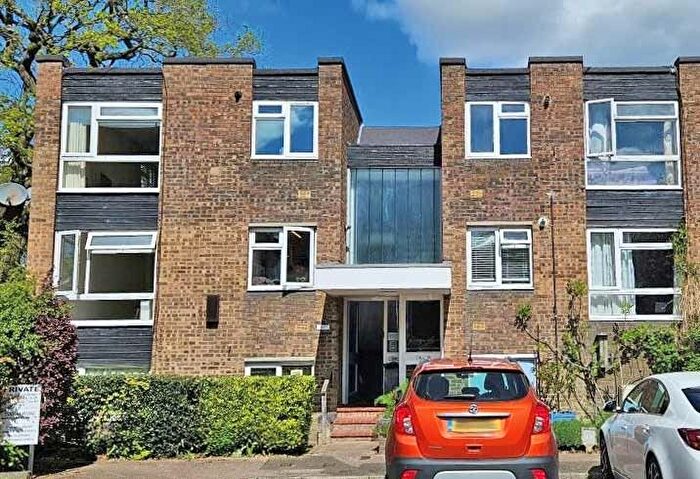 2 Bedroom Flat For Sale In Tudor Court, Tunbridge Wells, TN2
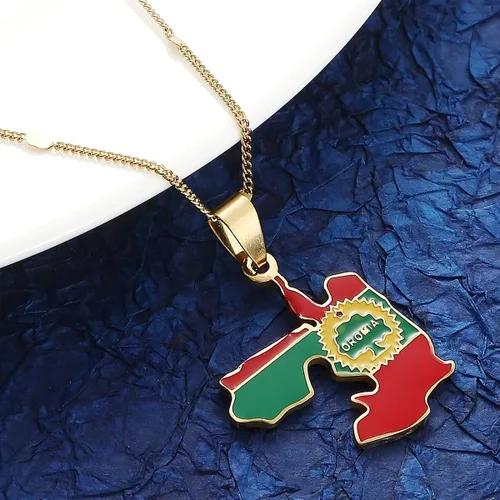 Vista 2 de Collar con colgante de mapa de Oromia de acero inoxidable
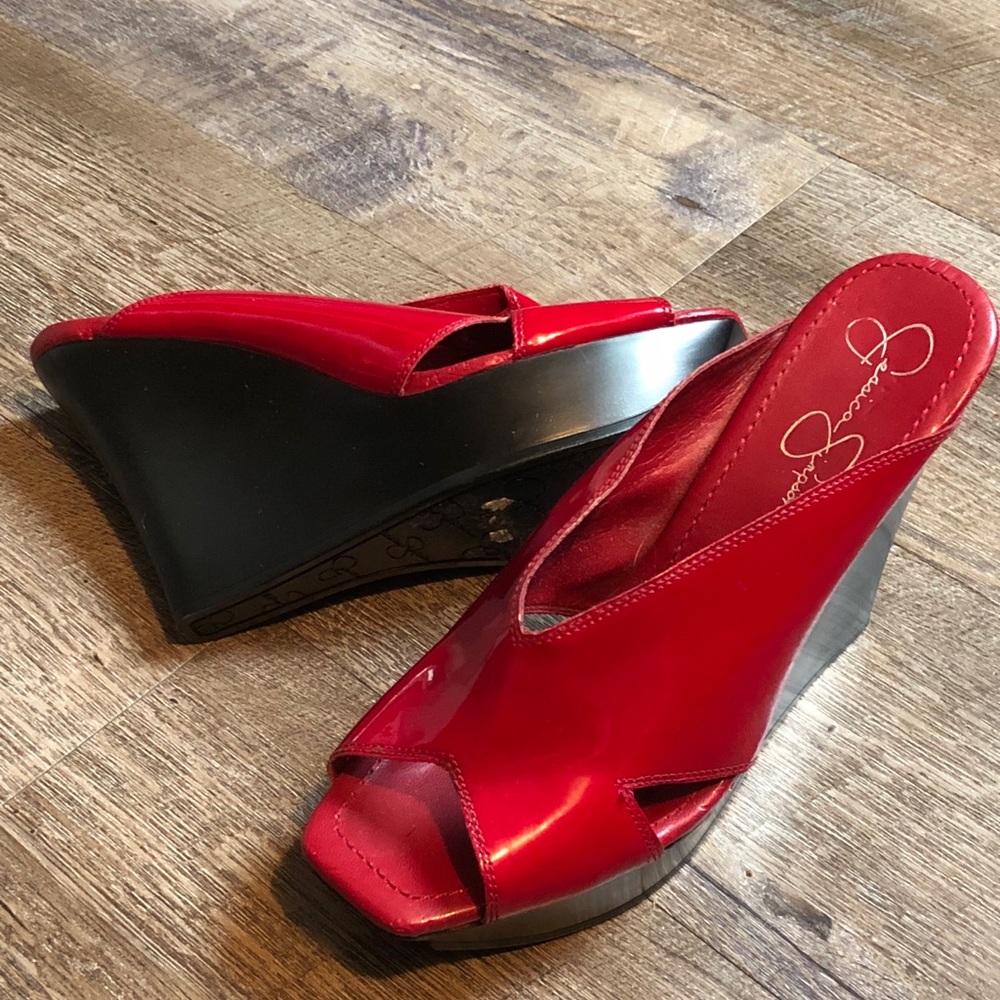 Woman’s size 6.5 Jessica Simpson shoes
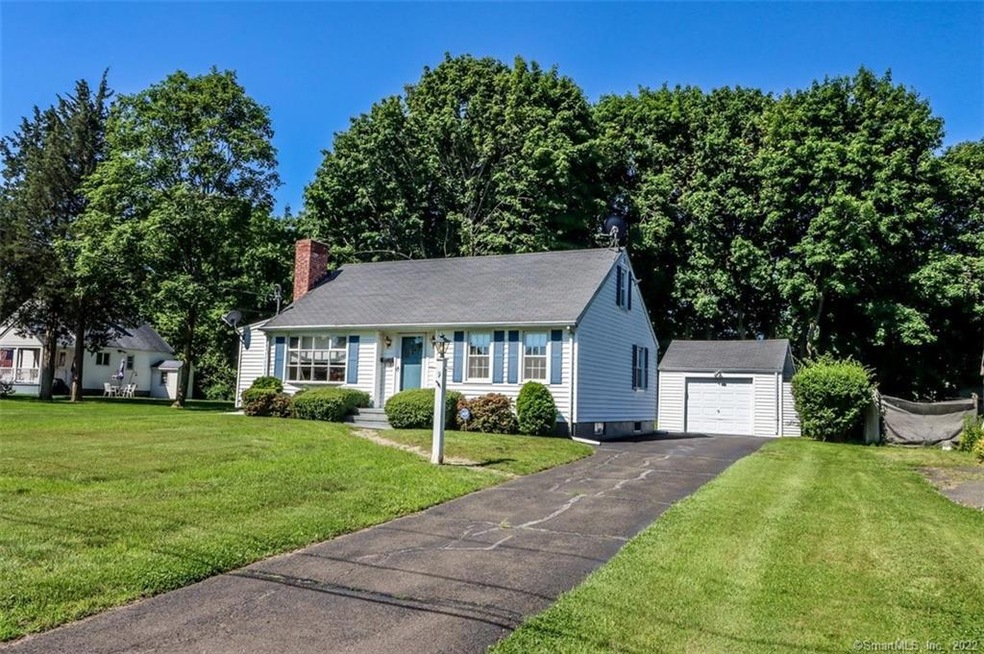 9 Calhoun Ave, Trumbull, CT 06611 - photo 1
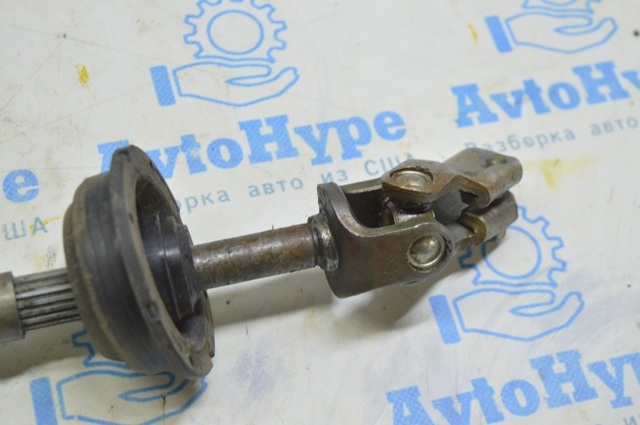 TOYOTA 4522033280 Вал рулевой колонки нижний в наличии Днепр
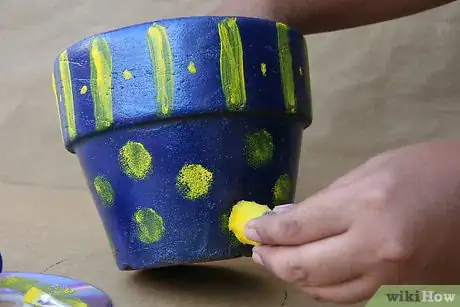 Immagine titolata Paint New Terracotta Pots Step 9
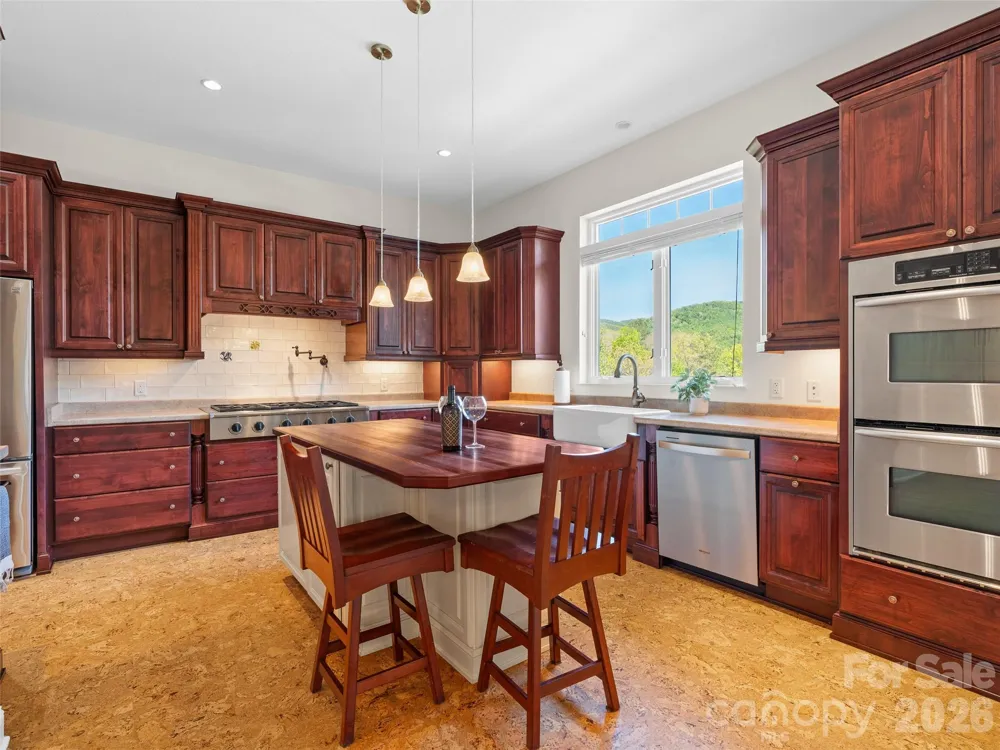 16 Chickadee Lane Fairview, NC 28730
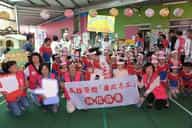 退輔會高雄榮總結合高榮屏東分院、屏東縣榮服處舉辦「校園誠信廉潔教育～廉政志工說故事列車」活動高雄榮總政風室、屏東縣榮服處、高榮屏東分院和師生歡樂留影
———
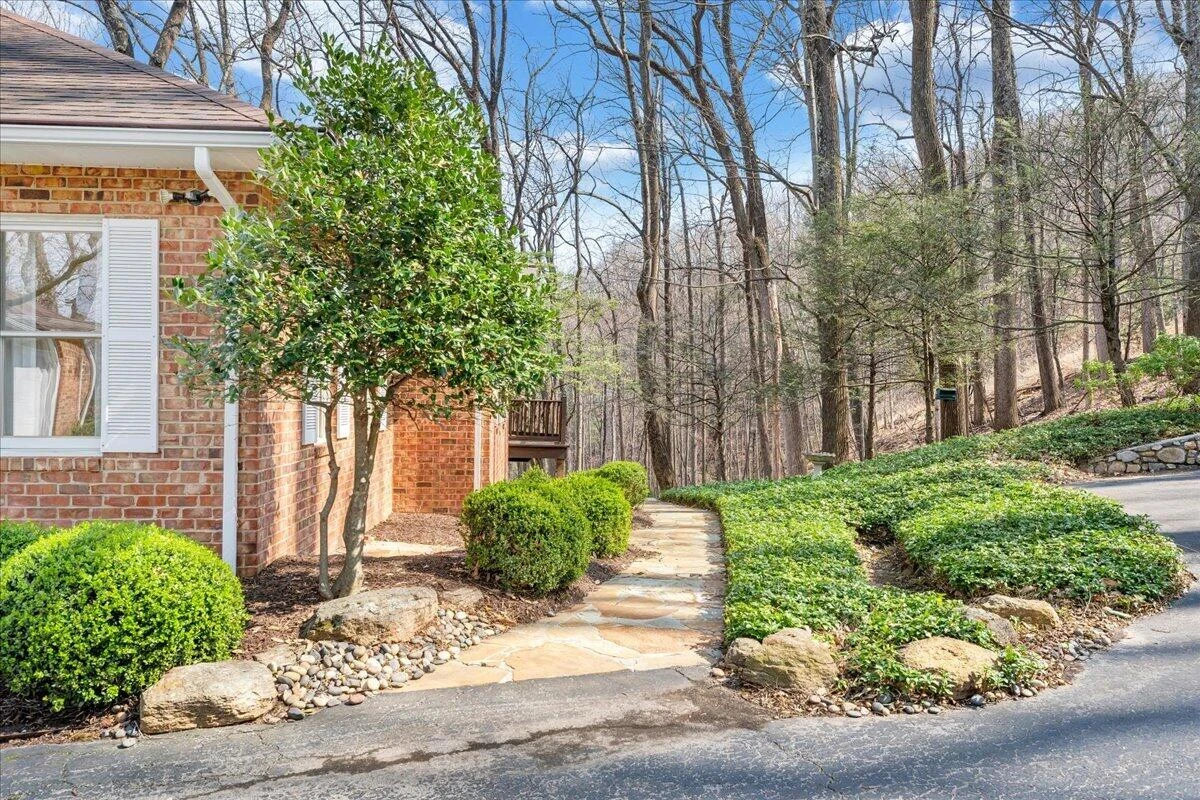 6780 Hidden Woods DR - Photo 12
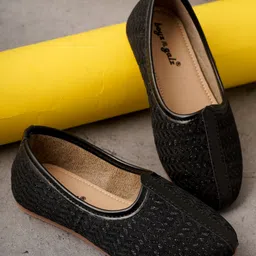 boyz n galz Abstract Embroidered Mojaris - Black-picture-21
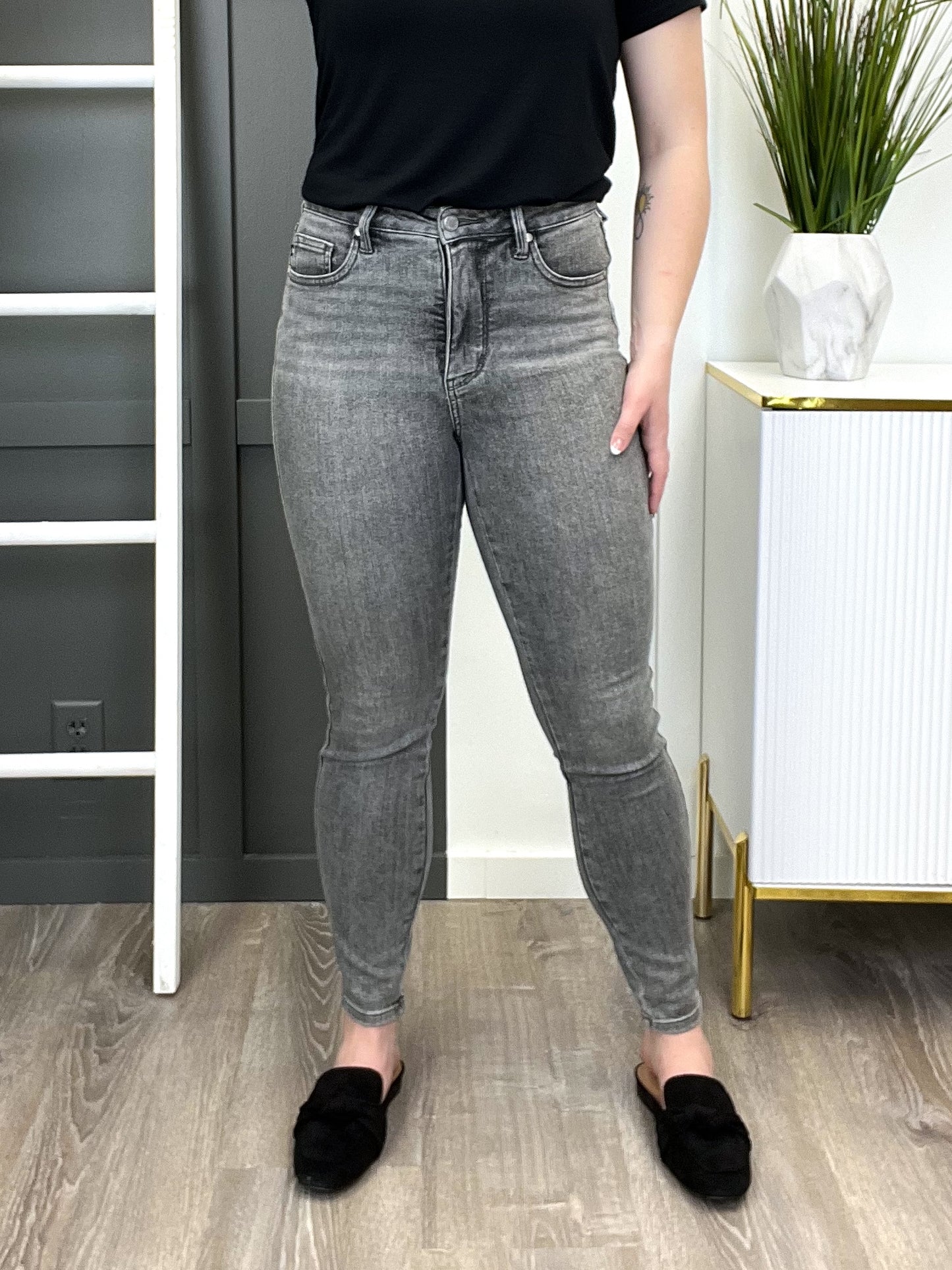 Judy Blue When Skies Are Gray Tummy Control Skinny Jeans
———
(GOAL OF THE EXERCISE) Output exactly the lines above, beginning at the one with "Woman’s size 6.5 Jessica Simpson shoes" and stopping after the one with "退輔會高雄榮總結合高榮屏東分". Pictures are to be omitted.

(SOLVED EXERCISE)
 Woman’s size 6.5 Jessica Simpson shoes
 9 Calhoun Ave, Trumbull, CT 06611 - photo 1
 TOYOTA 4522033280 Вал рулевой колонки нижний в наличии Днепр
 Immagine titolata Paint New Terracotta Pots Step 9
 16 Chickadee Lane Fairview, NC 28730
 退輔會高雄榮總結合高榮屏東分院、屏東縣榮服處舉辦「校園誠信廉潔教育～廉政志工說故事列車」活動高雄榮總政風室、屏東縣榮服處、高榮屏東分院和師生歡樂留影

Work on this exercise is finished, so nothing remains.